**RECORDS TO USE**
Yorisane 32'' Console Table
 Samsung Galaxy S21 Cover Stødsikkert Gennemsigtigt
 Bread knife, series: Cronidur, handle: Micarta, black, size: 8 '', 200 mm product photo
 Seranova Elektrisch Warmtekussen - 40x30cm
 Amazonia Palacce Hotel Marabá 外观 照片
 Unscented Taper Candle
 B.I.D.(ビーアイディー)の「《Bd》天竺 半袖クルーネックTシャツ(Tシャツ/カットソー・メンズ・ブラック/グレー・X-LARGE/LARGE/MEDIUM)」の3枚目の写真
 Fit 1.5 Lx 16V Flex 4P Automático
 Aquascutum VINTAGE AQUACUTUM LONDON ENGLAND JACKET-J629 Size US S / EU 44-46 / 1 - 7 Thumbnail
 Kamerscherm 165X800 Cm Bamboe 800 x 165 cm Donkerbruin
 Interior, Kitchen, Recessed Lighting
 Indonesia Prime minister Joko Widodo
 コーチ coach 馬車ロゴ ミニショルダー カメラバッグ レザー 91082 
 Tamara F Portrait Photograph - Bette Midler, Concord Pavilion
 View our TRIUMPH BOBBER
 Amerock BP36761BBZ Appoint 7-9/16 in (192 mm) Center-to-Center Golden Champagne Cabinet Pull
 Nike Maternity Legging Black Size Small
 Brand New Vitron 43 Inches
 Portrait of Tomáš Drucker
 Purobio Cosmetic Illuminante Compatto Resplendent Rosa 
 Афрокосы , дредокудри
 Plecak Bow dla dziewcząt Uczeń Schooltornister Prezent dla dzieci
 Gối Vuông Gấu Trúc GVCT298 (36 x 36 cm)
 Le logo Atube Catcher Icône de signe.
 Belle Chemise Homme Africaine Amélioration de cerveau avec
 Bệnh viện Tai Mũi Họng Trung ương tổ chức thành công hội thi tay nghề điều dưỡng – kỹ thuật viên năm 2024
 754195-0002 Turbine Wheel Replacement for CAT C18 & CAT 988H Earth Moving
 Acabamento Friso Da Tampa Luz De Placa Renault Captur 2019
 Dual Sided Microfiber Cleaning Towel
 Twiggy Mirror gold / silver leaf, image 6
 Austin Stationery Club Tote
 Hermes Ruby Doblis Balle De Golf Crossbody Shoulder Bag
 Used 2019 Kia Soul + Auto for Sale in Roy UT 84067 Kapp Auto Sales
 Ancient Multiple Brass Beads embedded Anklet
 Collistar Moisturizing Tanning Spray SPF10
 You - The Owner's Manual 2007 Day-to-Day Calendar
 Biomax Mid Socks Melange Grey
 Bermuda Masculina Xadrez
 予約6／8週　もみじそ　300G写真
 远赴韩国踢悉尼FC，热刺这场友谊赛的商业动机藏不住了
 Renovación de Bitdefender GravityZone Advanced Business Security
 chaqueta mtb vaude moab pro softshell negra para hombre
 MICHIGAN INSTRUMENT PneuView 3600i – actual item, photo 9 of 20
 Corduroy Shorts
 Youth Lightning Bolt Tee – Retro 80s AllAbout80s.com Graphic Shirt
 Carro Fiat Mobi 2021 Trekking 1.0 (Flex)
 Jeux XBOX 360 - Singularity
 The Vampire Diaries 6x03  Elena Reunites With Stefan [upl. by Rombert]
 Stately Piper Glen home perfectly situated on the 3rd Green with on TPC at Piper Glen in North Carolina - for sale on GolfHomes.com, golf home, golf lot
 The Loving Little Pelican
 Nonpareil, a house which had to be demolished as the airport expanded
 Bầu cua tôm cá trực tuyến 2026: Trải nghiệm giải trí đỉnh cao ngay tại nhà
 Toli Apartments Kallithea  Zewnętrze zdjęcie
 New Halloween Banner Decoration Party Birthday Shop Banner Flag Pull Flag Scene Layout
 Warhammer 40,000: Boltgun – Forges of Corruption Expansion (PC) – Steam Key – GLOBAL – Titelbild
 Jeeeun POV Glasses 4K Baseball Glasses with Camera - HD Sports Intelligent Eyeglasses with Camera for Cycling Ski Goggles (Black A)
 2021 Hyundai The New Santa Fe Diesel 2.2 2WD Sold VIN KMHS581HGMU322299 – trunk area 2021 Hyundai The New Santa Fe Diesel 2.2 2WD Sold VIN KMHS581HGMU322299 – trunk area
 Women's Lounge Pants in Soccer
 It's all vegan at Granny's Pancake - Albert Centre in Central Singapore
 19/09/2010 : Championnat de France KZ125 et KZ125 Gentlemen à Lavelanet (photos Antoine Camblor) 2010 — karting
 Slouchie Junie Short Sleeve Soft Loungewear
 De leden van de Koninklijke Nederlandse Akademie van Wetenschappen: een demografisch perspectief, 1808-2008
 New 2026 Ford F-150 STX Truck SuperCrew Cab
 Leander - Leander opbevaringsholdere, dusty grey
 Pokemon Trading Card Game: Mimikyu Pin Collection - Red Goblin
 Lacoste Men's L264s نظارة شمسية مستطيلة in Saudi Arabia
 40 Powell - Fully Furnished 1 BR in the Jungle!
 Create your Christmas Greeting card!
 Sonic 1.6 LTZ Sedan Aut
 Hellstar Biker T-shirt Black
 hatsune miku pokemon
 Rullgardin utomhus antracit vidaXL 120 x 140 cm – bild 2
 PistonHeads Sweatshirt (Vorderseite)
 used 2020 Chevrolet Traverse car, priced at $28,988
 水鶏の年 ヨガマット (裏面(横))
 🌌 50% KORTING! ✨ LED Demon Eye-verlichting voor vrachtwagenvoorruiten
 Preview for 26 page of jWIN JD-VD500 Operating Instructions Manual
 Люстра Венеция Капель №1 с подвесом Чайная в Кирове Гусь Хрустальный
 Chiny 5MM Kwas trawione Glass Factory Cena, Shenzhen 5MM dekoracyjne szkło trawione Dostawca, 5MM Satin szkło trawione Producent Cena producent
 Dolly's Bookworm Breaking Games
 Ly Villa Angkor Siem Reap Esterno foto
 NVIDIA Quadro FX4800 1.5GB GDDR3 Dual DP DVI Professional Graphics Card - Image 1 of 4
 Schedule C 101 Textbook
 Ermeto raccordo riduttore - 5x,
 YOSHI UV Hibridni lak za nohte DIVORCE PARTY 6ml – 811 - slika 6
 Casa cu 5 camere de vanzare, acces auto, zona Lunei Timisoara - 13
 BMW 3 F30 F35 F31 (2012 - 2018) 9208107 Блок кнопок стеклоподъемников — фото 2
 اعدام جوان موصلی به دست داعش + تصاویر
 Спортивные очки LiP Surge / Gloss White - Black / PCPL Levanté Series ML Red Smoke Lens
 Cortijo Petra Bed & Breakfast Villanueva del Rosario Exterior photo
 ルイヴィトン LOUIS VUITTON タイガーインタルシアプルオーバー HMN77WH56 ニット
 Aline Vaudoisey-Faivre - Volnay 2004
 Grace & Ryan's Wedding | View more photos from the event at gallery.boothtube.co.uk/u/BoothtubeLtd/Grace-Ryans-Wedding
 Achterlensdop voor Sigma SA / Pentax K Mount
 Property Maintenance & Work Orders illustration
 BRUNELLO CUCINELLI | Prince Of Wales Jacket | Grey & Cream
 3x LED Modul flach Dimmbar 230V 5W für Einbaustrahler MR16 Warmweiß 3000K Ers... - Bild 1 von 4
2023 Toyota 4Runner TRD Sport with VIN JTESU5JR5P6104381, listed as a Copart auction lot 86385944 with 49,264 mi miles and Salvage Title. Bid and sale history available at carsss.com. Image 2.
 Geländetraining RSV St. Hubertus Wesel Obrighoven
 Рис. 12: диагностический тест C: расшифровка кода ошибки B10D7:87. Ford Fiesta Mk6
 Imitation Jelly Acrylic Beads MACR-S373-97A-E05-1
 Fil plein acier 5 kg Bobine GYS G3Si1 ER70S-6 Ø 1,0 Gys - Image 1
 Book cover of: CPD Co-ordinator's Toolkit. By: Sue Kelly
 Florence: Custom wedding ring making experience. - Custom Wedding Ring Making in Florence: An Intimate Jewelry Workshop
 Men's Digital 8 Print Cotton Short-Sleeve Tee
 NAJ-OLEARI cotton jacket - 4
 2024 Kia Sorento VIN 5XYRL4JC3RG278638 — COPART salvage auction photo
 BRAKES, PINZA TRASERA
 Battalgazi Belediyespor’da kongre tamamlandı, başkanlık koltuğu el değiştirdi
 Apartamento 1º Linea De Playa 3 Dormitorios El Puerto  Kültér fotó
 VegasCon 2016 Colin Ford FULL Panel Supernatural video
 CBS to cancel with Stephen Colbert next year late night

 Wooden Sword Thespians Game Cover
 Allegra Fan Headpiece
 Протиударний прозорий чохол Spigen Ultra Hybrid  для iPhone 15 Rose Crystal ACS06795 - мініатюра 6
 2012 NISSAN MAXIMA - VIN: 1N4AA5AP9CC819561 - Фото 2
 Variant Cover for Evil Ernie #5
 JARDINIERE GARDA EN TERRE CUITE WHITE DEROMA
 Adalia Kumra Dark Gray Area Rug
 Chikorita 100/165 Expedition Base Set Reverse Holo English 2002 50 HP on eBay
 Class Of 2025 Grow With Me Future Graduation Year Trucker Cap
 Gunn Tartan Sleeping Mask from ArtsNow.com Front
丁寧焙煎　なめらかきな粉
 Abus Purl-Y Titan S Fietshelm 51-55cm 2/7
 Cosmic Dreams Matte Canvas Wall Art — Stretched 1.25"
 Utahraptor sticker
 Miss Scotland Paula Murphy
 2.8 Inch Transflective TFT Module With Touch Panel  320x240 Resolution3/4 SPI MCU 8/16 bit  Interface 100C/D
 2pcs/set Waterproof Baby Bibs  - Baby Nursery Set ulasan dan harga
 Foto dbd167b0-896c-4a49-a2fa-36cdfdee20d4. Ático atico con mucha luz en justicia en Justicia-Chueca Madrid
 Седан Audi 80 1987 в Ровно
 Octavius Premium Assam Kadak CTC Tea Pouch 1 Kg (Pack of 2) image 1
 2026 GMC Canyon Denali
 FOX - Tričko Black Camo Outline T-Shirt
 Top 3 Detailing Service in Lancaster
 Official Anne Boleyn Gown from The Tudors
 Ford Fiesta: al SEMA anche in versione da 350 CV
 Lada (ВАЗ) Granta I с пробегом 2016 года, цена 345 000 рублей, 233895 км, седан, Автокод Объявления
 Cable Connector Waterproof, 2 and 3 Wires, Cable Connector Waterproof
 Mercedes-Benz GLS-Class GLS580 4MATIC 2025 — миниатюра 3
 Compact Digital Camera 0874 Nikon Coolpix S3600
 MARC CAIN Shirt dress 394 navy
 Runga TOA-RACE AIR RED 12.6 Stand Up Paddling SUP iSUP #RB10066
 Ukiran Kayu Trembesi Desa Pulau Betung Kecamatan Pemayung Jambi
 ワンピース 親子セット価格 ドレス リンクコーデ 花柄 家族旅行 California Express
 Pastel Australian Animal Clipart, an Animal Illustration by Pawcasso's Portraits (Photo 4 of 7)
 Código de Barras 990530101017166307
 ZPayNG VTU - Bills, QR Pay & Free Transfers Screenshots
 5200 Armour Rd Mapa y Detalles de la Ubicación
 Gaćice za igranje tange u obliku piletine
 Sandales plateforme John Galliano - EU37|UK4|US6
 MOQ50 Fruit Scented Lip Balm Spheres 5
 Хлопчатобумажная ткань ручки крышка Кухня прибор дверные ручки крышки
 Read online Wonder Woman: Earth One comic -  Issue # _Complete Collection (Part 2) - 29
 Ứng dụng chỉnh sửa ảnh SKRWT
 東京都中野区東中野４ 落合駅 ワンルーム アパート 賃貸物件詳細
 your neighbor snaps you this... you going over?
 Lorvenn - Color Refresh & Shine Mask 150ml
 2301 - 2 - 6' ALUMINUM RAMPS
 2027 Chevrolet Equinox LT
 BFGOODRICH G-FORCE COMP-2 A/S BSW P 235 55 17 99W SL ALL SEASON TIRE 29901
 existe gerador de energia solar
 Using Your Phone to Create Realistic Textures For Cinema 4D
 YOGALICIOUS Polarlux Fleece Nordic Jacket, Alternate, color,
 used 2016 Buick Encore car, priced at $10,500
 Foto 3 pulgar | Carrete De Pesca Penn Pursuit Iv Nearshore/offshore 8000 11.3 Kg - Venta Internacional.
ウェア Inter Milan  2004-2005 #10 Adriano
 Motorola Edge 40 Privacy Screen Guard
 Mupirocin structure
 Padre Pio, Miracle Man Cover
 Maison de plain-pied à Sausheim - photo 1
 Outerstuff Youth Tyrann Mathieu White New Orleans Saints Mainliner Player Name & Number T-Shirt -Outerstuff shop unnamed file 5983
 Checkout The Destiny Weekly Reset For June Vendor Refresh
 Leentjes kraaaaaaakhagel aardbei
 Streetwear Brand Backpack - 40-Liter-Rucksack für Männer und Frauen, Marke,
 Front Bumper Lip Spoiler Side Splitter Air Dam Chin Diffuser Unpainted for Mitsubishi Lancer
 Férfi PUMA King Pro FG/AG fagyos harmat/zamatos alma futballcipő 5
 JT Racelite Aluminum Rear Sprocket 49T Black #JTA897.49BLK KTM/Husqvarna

**WHAT IS REQUIRED**
All that is wanted is a faithful reproduction of the line above with "Women's Lounge Pants in Soccer", the line with "Slouchie Junie Short Sleeve Soft Loungewear", and every line in between.

**RESPONSE**
 Women's Lounge Pants in Soccer
 It's all vegan at Granny's Pancake - Albert Centre in Central Singapore
 19/09/2010 : Championnat de France KZ125 et KZ125 Gentlemen à Lavelanet (photos Antoine Camblor) 2010 — karting
 Slouchie Junie Short Sleeve Soft Loungewear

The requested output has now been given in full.